Numbing. Still DC. Their eyes still have it. Starting at the bottom again. The noble pursuit continues but I lose my honor and far sight. The lake’s teeming but no one lands. I become a father.
Paradoxically hopeful and wary. Chinatown. Still caring what they think. The night quests have turned rotten; I move forward on paper but my conscience surrenders. I contribute financially to what is supposed to matter most.
Smug and delusional. Still obeying their rules. Adams Morgan. The evenings become assembly lines building reckless dishonor. I’m using every day and I know I can stop any time. But I don’t. I’m still sending money.
The definition of insanity. Only their eyes matter. Yet AdMo. Integrity lies on the floor of my soul, bleeding out under the stars. Just this last time, I say over and over again. Part time parenting continues and my son love me for no good reason.
Disappointed. I remain underground. Their gaze still reigns supreme. The starry night quests are done or abandoned, reeking of good intentions, chicken shit and coming pain. I’m sober every morning and falling every night. I’m a shitty dad one month of the year.
Feeling the pressure of my sick calculations. Basement bound in the NW sector. While the sun hangs, I feel the noose tightening. When the moon rises, I use and nod out in front of the waiting world. I don’t know why my son loves me. He deserves better.

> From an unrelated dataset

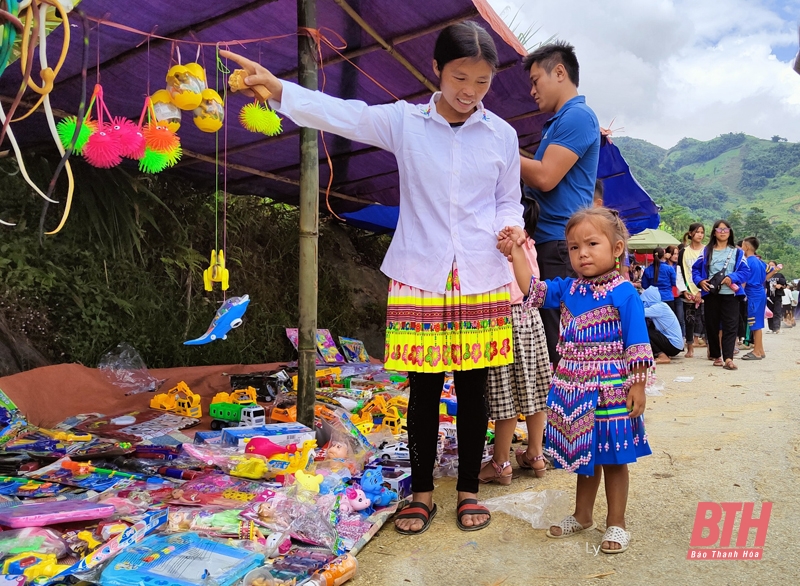 Về Nhi Sơn vui Tết Độc lập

I want to die. Every single day. Every single night. I have lost hope for the first time. Nothing makes me happy anymore. My parents’ house. I’m no longer moving for them or for myself. I’m sober but only because I can’t afford it. I’m not even sending money anymore but he still loves me.
Reborn. The scales have fallen. A heretofore unfelt confidence and crystallized focus emerges. Really, truly happy for the first time in my life. I’ve gouged out those eyes. I’m no longer interested in what society had in store for me. I make the plans now. Like Dre said, ‘I lost some friends’ but I found the real ones. Nestled in the suburbs. I’m using again, all the time more than ever, day and night, ignoring all the screams. I’m in the program. I found I can be useful. I lost my salvation but I don’t need it anymore.
Tonight could begin a bright new path. And even if it doesn’t, for the first time in 44 years, I’ll get up, say ‘fuck it’ and keep fighting. My son and I had our best week together. I’m not just grappling for him. I’m fighting for my life.